[Aim of the task]
Would you transcribe the entries below, beginning at the line with "Noblesse™ | Cashmere Sweater" and ending after the line with "Three-room apartment Via", exactly, with no picture and nothing more?

[Input data]
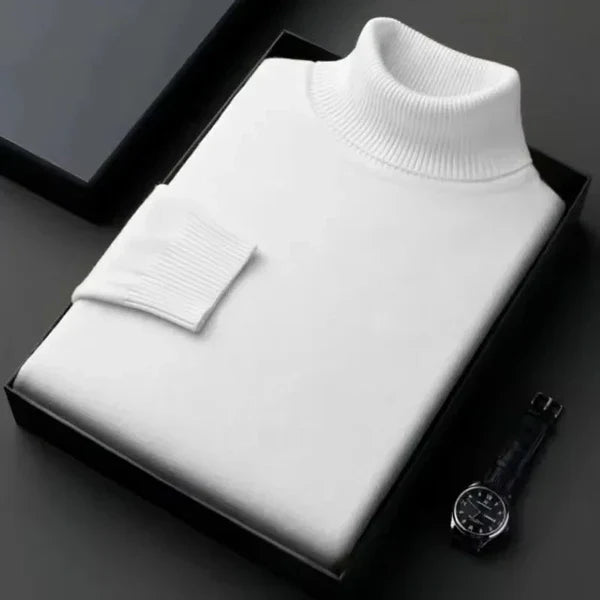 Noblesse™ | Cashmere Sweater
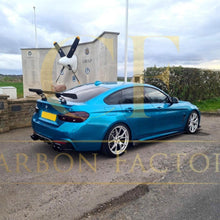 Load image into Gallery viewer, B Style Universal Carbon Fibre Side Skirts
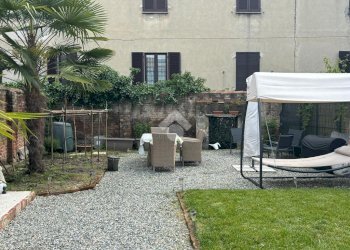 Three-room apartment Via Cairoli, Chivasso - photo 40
==
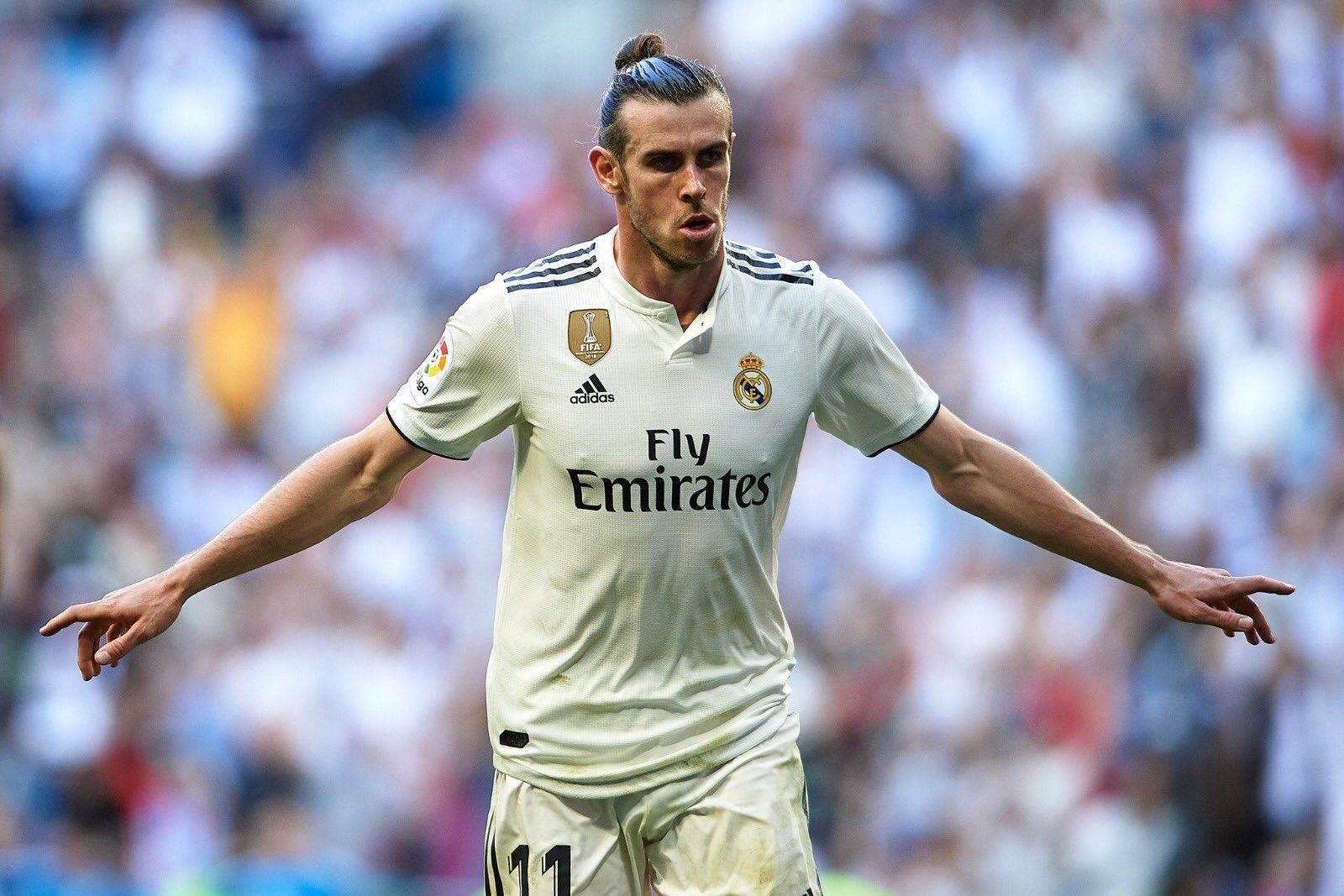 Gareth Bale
---
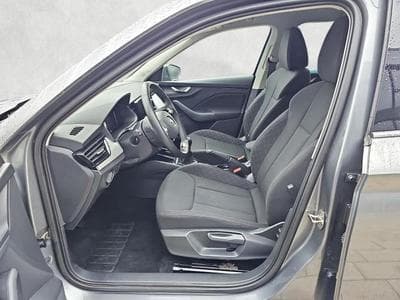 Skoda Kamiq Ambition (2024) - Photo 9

[Task result]
 Noblesse™ | Cashmere Sweater
 Load image into Gallery viewer, B Style Universal Carbon Fibre Side Skirts
 Three-room apartment Via Cairoli, Chivasso - photo 40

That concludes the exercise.